PROBLEM:
From the listing below, retype exactly the line holding "Obermeyer Highlands Shell", the line holding "INTERNATIONAL TOWERS COND", and the lines between them; skip everything else.

RECORDS FOR THE TASK:
+===+
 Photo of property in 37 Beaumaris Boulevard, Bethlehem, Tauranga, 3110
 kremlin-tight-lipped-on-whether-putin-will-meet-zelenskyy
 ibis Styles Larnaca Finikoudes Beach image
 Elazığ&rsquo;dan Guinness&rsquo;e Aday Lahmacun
+===+
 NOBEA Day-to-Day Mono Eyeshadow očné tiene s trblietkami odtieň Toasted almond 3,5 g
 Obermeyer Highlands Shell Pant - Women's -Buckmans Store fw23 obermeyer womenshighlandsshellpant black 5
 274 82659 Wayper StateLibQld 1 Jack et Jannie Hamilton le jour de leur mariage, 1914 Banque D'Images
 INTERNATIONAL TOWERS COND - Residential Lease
+===+
RESULT:
 Obermeyer Highlands Shell Pant - Women's -Buckmans Store fw23 obermeyer womenshighlandsshellpant black 5
 274 82659 Wayper StateLibQld 1 Jack et Jannie Hamilton le jour de leur mariage, 1914 Banque D'Images
 INTERNATIONAL TOWERS COND - Residential Lease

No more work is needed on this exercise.